Russia has taken renewed interest in the island of Bornholm, strategically located in the Baltic Sea, and part of Denmark. 76 years after the last Soviet troops left, Moscow still feels it has a say in what happens on the island, quoting an agreement that the Danes say does not exist.
Key to the Russian reaction is renewed bi-lateral cooperation between Denmark and the United States military. Last week Vladimir V. Barbin, the Russian ambassador in Denmark threatened Copenhagen in an interview with Berlingske, one of Denmark’s leading newspapers.
“If Denmark allows foreign forces on Bornholm, then Russia will be forced to weigh which implications it will have for the relationship between Russian and Denmark,” Berlingske quotes the ambassador.
The envoy’s statement was followed by a tweet of the Russian embassy in Denmark. “1946 Notes from Denmark and Russia sides on the issue of non-deployment of foreign troops on Bornholm. The exchange of these documents constitutes an agreement. Duration is not specified. According to international law this means the agreement is open ended and remains in force.”
Only Denmark decides over Bornholm
Jeppe Kofod, acting Danish foreign minister and from Bornholm, was quick with a reply. “There is no such agreement. Only Denmark can decide what happens on Bornholm,” Kofod said to Danish journalists.

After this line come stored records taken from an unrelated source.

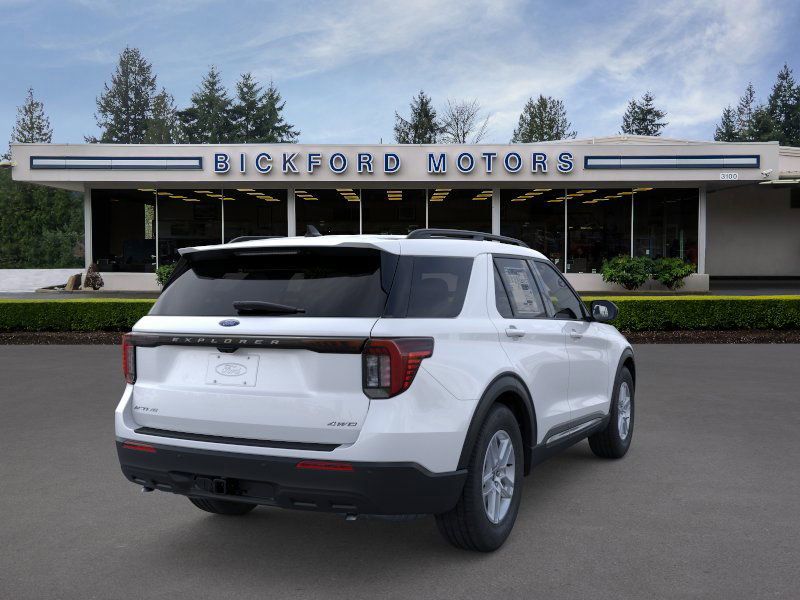 2025 Ford Explorer photo 6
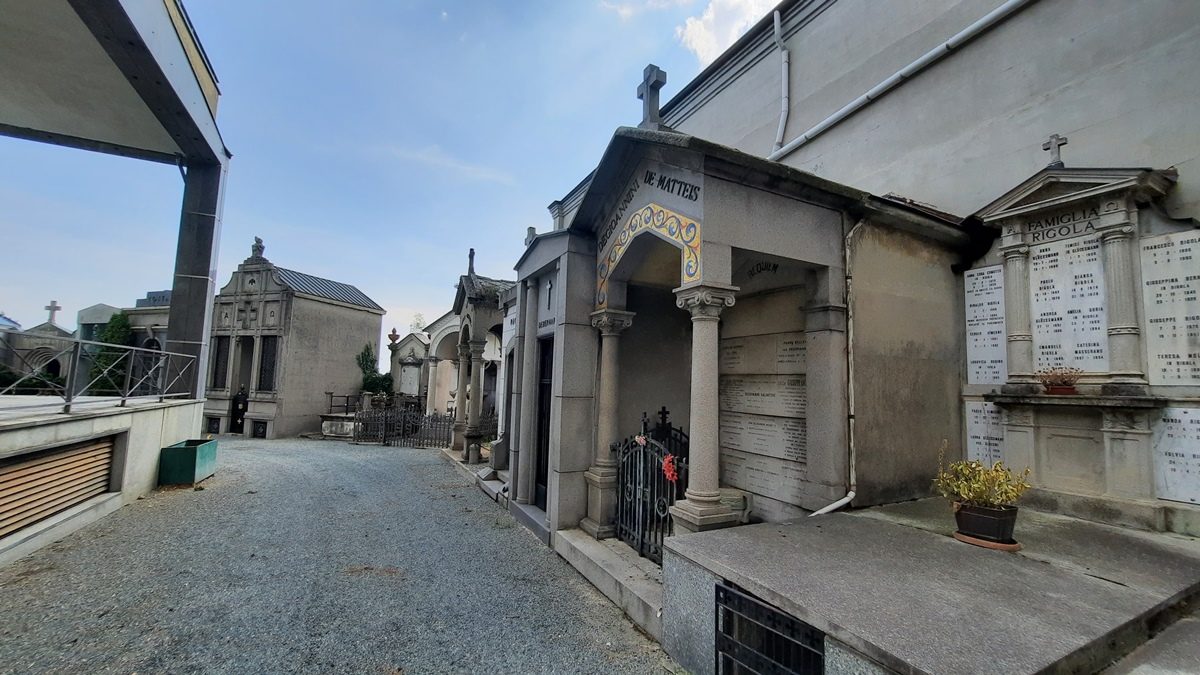 Giuseppe Antoniotti's tomb, Biella - 01.jpg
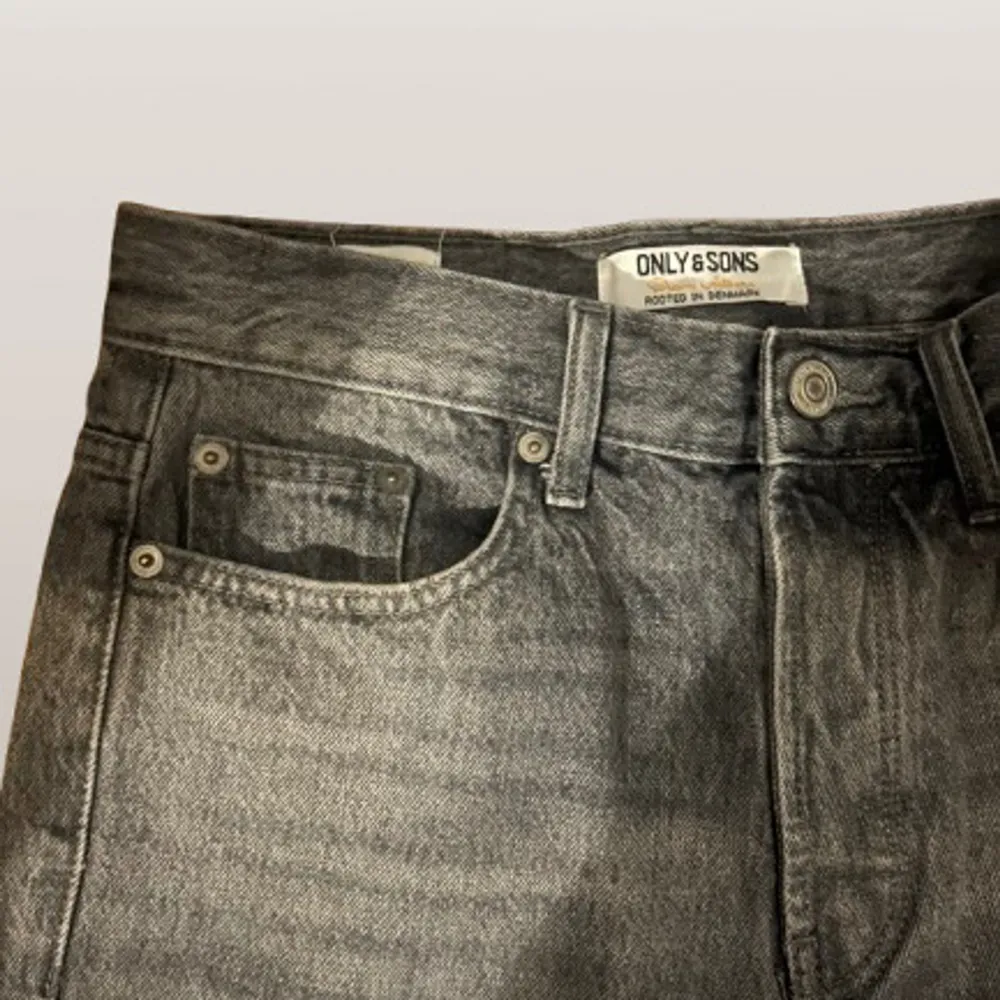 Snygga grå jeans från Only & Sons med en klassisk straight passform. Storleken är W28 och L32. De har en midwaist design och är tillverkade i slitstarkt denim. Perfekta för en avslappnad stil. Pris kan diskuteras!👍. Farkut & Housut.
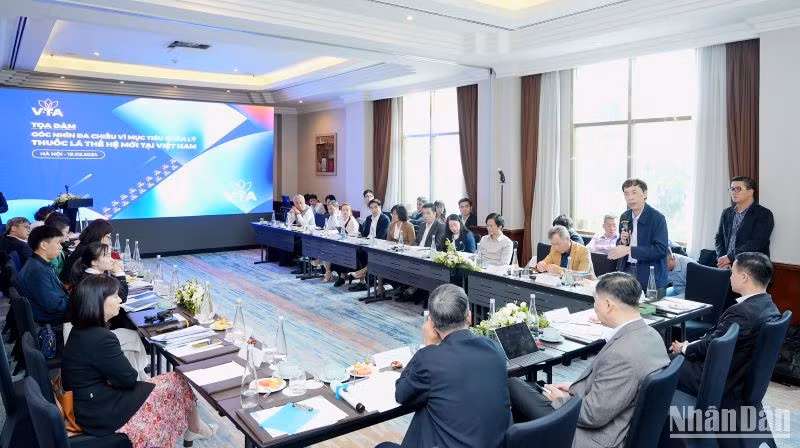 Đại diện các cơ quan Nhà nước, chuyên gia và hiệp hội, doanh nghiệp chuyên ngành đều thống nhất nhận định sự cấp thiết cần phải có một khuôn khổ pháp lý để quản lý hiệu quả thuốc lá thế hệ mới tại Việt Nam.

Like the Swedish island of Gotland, Bornholm is of much strategic importance in the Baltic Sea. Situated between Sweden in the north, the rest of Denmark in the west and Germany in the south whoever controls Bornholm controls the sea rout to the Baltic Sea coasts including the Russian enclave of Kaliningrad. American forces on Bornholm would be seen by Russia as a threat.
Danish F-16 fighter jets
Earlier this month the Royal Danish Air Force based two of its F-16 fighter jets on Bornholm, as a direct reaction to Russia’s aggressive posture on the borders with Ukraine. Russian combat jets have violated Danish airspace over Bornholm multiple times in the past. For example, in June 2021 two Sukhoi Su-30s flew over the island, while in August 2020 a Russian Su-27 followed an American bomber into Danish airspace over Bornholm.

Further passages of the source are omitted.